2. Legal recreational use - Using legal (tobacco, alcohol, caffeine) drugs to achieve a certain mental state.

3. Illegal instrumental use - Taking non-prescription drugs to accomplish a task or goal.

4. Illegal recreational use - Taking illegal drugs for fun or pleasure to experience euphoria.

==Books==

Marijuana (1969) seeks to bring to the reader the whole configuration of this mushrooming problem, which, like the Sexual Revolution and the New Politics, lies at the heart of the alienation felt by many young people and the fears of social breakdown voiced by many of their elders. Atherton Press, Library of Congress Catalog Card Number 68–56981

In The Marijuana Smokers (1971), Goode looked at marijuana through a sociological lens.

In Drugs in American Society, Goode argued that the effect of a drug is dependent on the societal context in which it is taken.

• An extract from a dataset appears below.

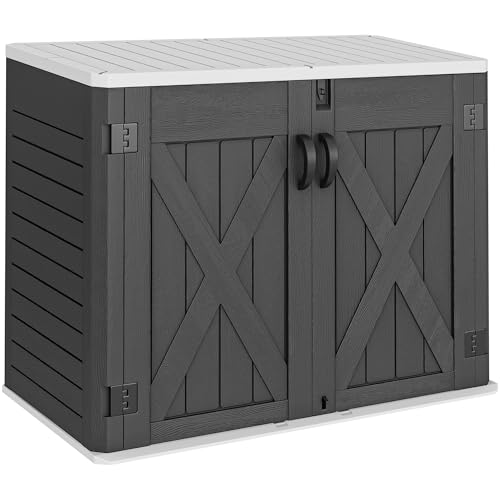 Outdoor Resin Storage Sheds with X (X-Shaped-4.3x3.4ft / Dark Gray)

Thus, in one society (or social context) a particular drug may be a depressant, and in another it may be a stimulant.

Deviant Behavior is a textbook intended for undergrad students. In it, Goode takes the position of a weak constructionist.

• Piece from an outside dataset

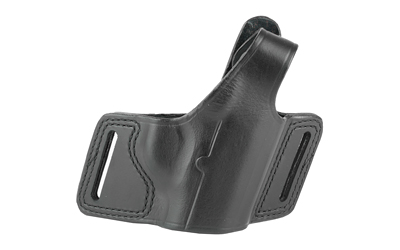 Black leather belt holster for handgun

Moral Panics: The Social Construction of Deviance, written with Nachman Ben-Yehuda, is a book about moral panics, from a sociological perspective.

In Paranormal Beliefs: A Sociological Introduction (1999), Goode studies paranormal beliefs such as UFOs, ESP, and creationism using the methods of the sociology of deviance. Consistent in tone with the rest of his works, he takes the position that whether the phenomenon in question is real is not important to a sociologist. Rather, sociologists should be concerned with how the paranormalist is labeled as deviant, and what effect the label has on them and society.